Sehr << Antragsteller:in >>
mit Ihrer E-Mail vom 30. Dezember 2023 beantragen Sie die Zusendung der Positionierung des Bundesministeriums für Arbeit und Soziales zur „Streichung des Bürgergeldes bei Jobverweigerern“ (unter verschiedenen Gesichtspunkten).
Sie stützen Ihren Antrag auf § 1 Absatz 1 des Gesetzes zur Regelung des Zugangs zu Informationen des Bundes (Informationsfreiheitsgesetz - IFG). Nach dieser Vorschrift hat jeder nach Maßgabe des IFG gegenüber den Behörden des Bundes einen Anspruch auf Zugang zu amtlichen Informationen. Dabei ist der Informationsanspruch auf die bei der informationspflichtigen Stelle zum Zeitpunkt der Antragstellung tatsächlich vorhandenen Informationen beschränkt. Des Weiteren gewährt das IFG keinen Anspruch auf die Zusammenstellung oder Aufbereitung von Informationen durch die Behörde, die über die Einsichtnahme in vorhandene amtliche Informationen hinausgeht.
Bei den von Ihnen gewünschten Informationen handelt es sich um die Positionierung bzw. Information zur Rechtsauffassung des BMAS zu den von Ihnen gestellten Fragen. Ihre Anfrage weist keinen Aktenbezug auf und unterfällt daher nicht dem IFG. Ich beantworte Ihnen Ihre Fragen dennoch sehr gern.
zu 1. und 2.
Das im Grundgesetz garantierte Grundrecht auf ein menschenwürdiges Existenzminimum bedeutet nach der Rechtsprechung des Bundesverfassungsgerichts, dass durch die Lebensunterhaltsleistungen ein Existenzminimum in Höhe der für eine menschenwürdige Teilhabe erforderlichen Bedarfe abzudecken ist. Das Bürgergeld soll Menschen in Notlagen sozialen Schutz bieten. Es sichert ein menschenwürdiges Existenzminimum für diejenigen, die hilfebedürftig sind.
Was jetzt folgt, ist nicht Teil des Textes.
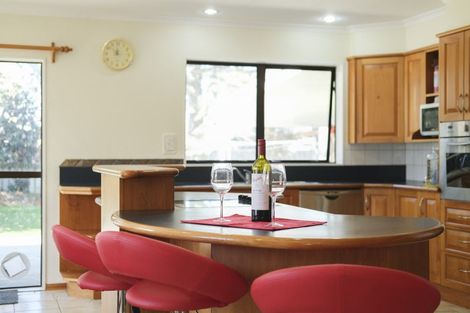 Photo of property in 15 Windsor Street, Dannevirke, 4930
Wer Bürgergeld bekommt, verpflichtet sich im Gegenzug jedoch aktiv daran mitzuwirken, möglichst bald wieder seine Hilfebedürftigkeit zu überwinden oder zumindest zu verringern, insbesondere in Arbeit zu kommen. Das ist im Interesse der Gesellschaft, aber auch im Interesse jedes einzelnen erwerbsfähigen Bürgergeld-Berechtigten selbst. Grundsätzlich sind daher alle Personen, die Bürgergeld erhalten, verpflichtet zumutbar mitzuwirken, um die Hilfebedürftigkeit zu beenden bzw. zu verringern. Lehnen Bürgergeld-Beziehende eine zumutbare Arbeit, Ausbildung oder Eingliederungsmaßnahme ohne wichtigen Grund ab (sogenannte Pflichtverletzung) oder erscheinen ohne wichtigen Grund nicht zu vereinbarten Terminen (sogenanntes Meldeversäumnis), müssen sie mit einer Minderung des Bürgergeldes rechnen. Das Bundesverfassungsgericht hat in seinem Urteil vom 5. November 2019 (1 BvL 7/16) entschieden, dass der Staat grundsätzlich Leistungsminderungen zur Durchsetzung von Mitwirkungspflichten einsetzen darf. Die von Ihnen in Ihrer E-Mail kritisierte Regelung zum Entzug des kompletten Regelbedarfes bei willentlicher Arbeitsverweigerung steht auch im Einklang mit den Rahmenbedingungen, die das Bundesverfassungsgericht in seinem Urteil aufgestellt hat.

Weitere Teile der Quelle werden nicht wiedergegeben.